::: Data provided :::

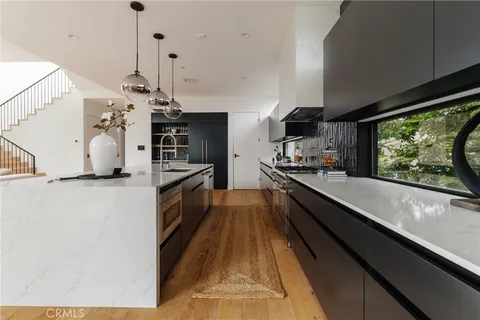 $3,795,000 | 7200 Kentwood Avenue, Los Angeles, CA 90045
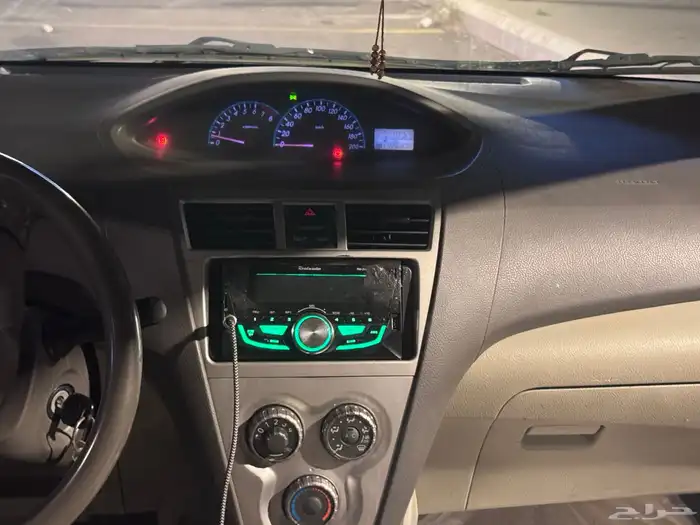 سياره 2009 يارس اتوماتيك سيارة نظيفة 5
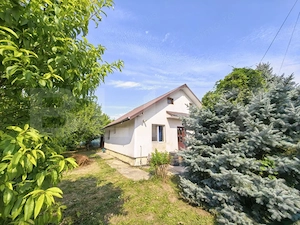 Casa cu 3 camere in Holboca, zona linistita - imagine 2
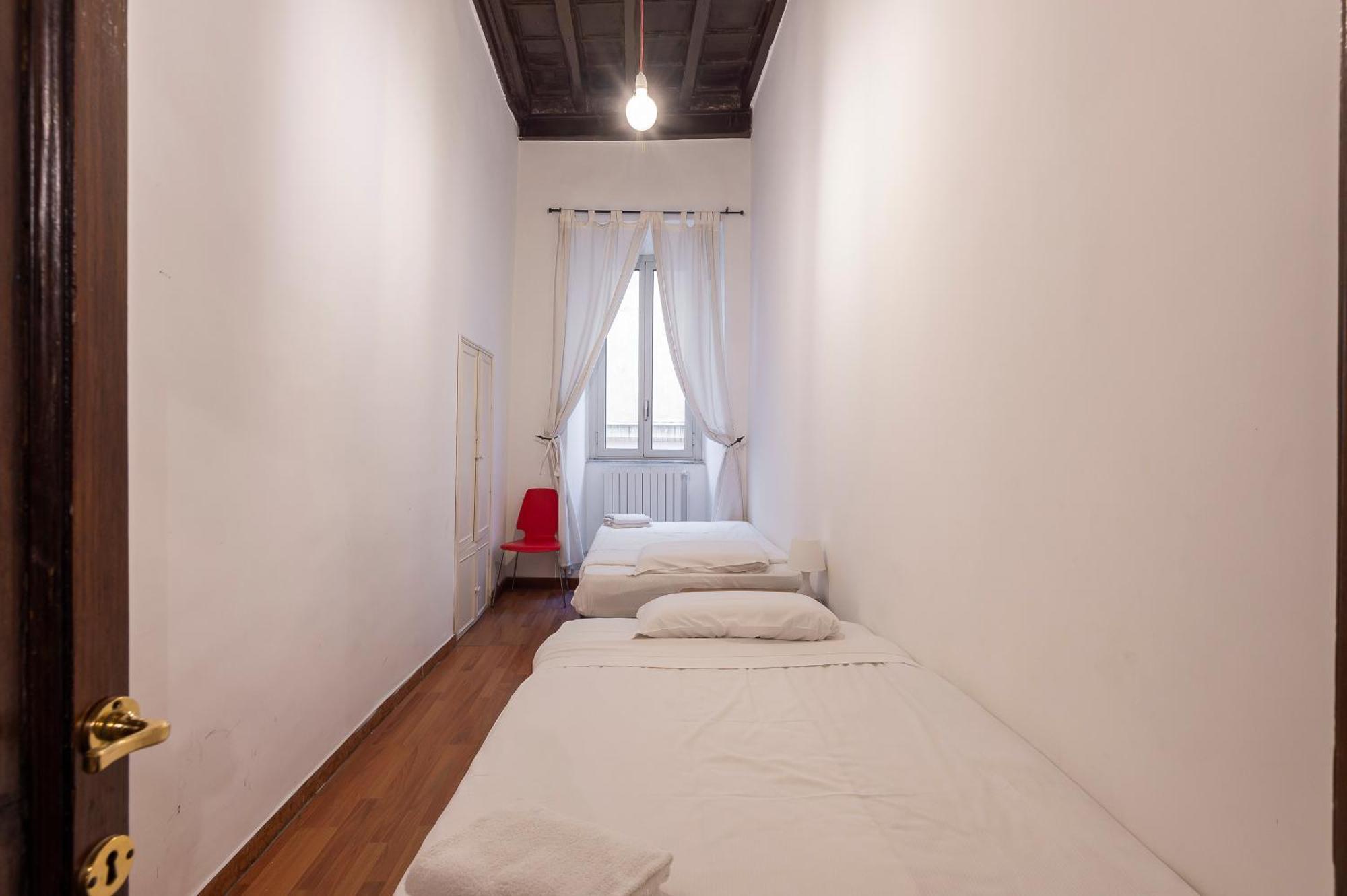 Piazza Navona Charming Large Apartment
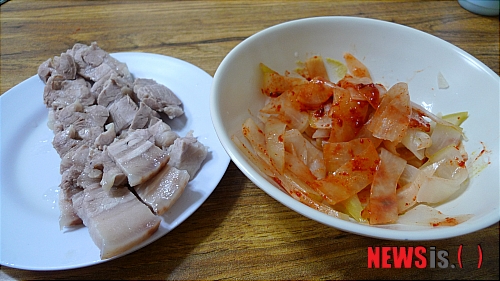 【서울=뉴시스】김정환의 맛있는 집 이렇게 단순할 수 있을까. 막국수를 시키면 거무튀튀한 막국수에 동치미 국물만 부어 내오는 게 전부다. 토핑이나 고명? 그런 것 없다. 비빔 막국수에는 국물 대신 양념장이 올려져 나올 뿐이다. 단순하다 못해 고객 모독이다. 그런데 사람들은 이런 단순함에 매료되나 보다. 집이나 직장이 이 가게와 가까운 사람들 중에는 매일 와서 먹으면서 이 식당이 가까이에 있다는 데 행복감마저 느낄 정도다.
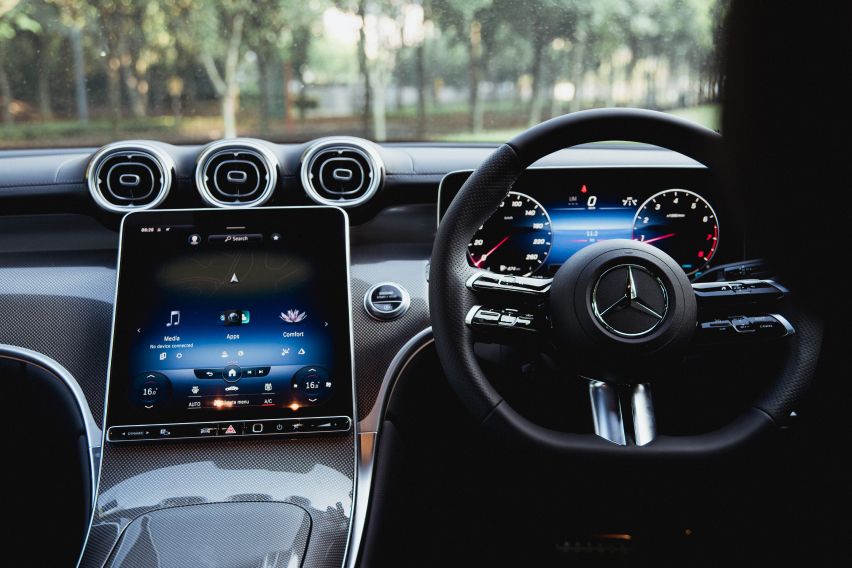  2023 Mercedes-Benz GLC cabin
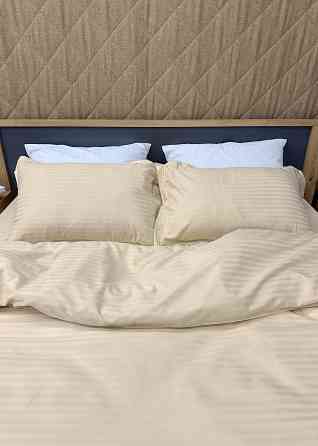 Комплект постельного белья Страйп-сатин Семейный с простыней на резинке 180х200х25, 2 пододеяльника 150х200, 2 наволочки 70х70 Кремовый (88-222) Киев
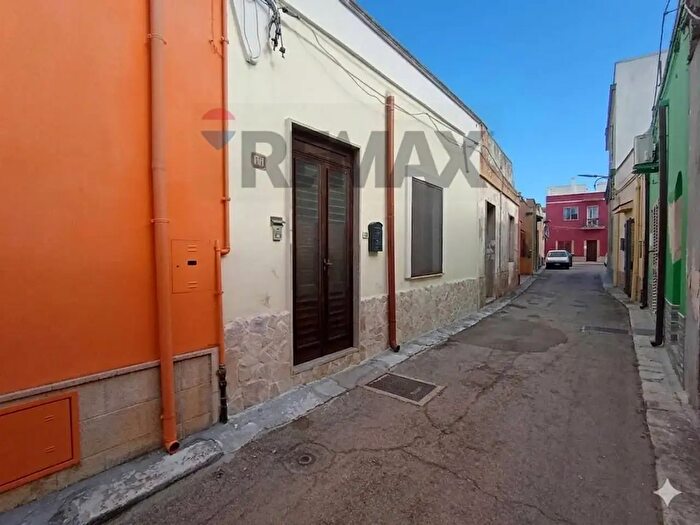 Casa con 7 locali in vendita in Brindisi
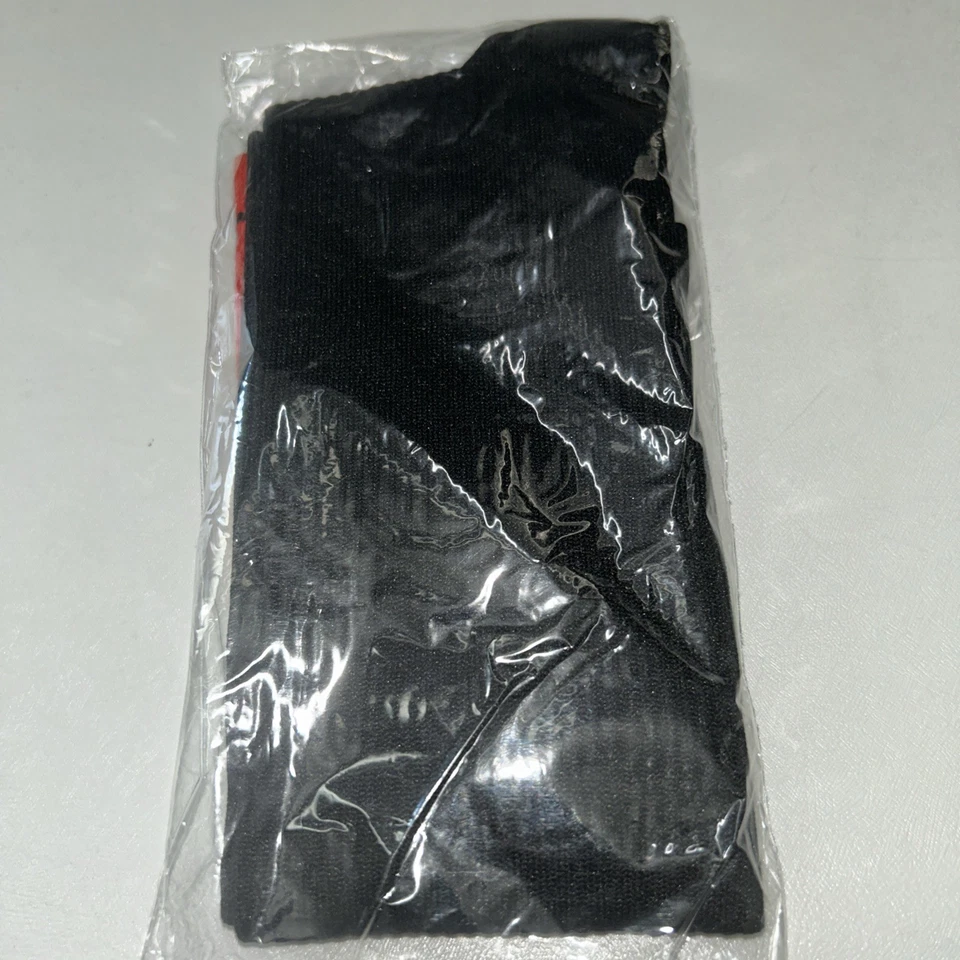 2XU Recovery Compression Socks - Size Large 9.5–1R USA Euro 43–46 new Black/Red - Image 3 of 4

:::

**Activity**
No pictures should appear; only the lines from the first line of the records through the line with "2023 Mercedes-Benz GLC cabin", both included, are to be restated word for word.

**Task solution**
 $3,795,000 | 7200 Kentwood Avenue, Los Angeles, CA 90045
 سياره 2009 يارس اتوماتيك سيارة نظيفة 5
 Casa cu 3 camere in Holboca, zona linistita - imagine 2
 Piazza Navona Charming Large Apartment
 【서울=뉴시스】김정환의 맛있는 집 이렇게 단순할 수 있을까. 막국수를 시키면 거무튀튀한 막국수에 동치미 국물만 부어 내오는 게 전부다. 토핑이나 고명? 그런 것 없다. 비빔 막국수에는 국물 대신 양념장이 올려져 나올 뿐이다. 단순하다 못해 고객 모독이다. 그런데 사람들은 이런 단순함에 매료되나 보다. 집이나 직장이 이 가게와 가까운 사람들 중에는 매일 와서 먹으면서 이 식당이 가까이에 있다는 데 행복감마저 느낄 정도다.
  2023 Mercedes-Benz GLC cabin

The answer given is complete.